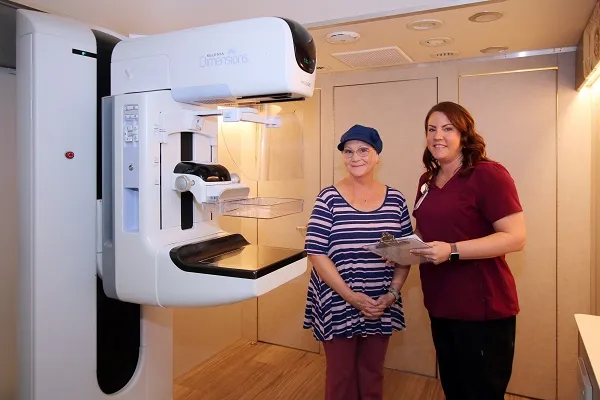 A patient stands with a nurse inside a mobile mammography coach, next to the mammography machine.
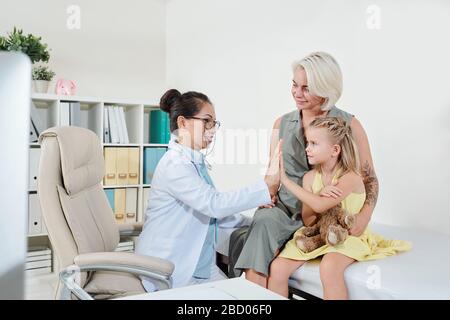 Smiling mature Asian pediatrician giving high five to little girl and congratulating her with recovery Stock Photo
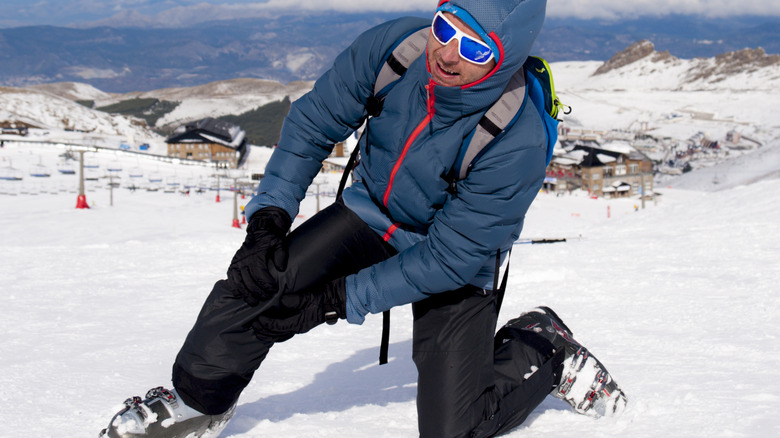 man holding knee in snow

+--

= Problem details =
Print the material again, unchanged, without its pictures.

= Solution =
 A patient stands with a nurse inside a mobile mammography coach, next to the mammography machine.
 Smiling mature Asian pediatrician giving high five to little girl and congratulating her with recovery Stock Photo
 man holding knee in snow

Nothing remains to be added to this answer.